→ DATA TO PROCESS
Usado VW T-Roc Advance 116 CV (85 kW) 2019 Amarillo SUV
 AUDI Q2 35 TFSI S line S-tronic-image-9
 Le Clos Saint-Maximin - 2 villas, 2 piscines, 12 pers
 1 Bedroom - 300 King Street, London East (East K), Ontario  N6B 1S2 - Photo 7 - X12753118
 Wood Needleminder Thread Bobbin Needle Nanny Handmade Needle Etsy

→ BRIEF
Once you have read the entries, repeat them all exactly.

→ TASK ANSWER
Usado VW T-Roc Advance 116 CV (85 kW) 2019 Amarillo SUV
 AUDI Q2 35 TFSI S line S-tronic-image-9
 Le Clos Saint-Maximin - 2 villas, 2 piscines, 12 pers
 1 Bedroom - 300 King Street, London East (East K), Ontario  N6B 1S2 - Photo 7 - X12753118
 Wood Needleminder Thread Bobbin Needle Nanny Handmade Needle Etsy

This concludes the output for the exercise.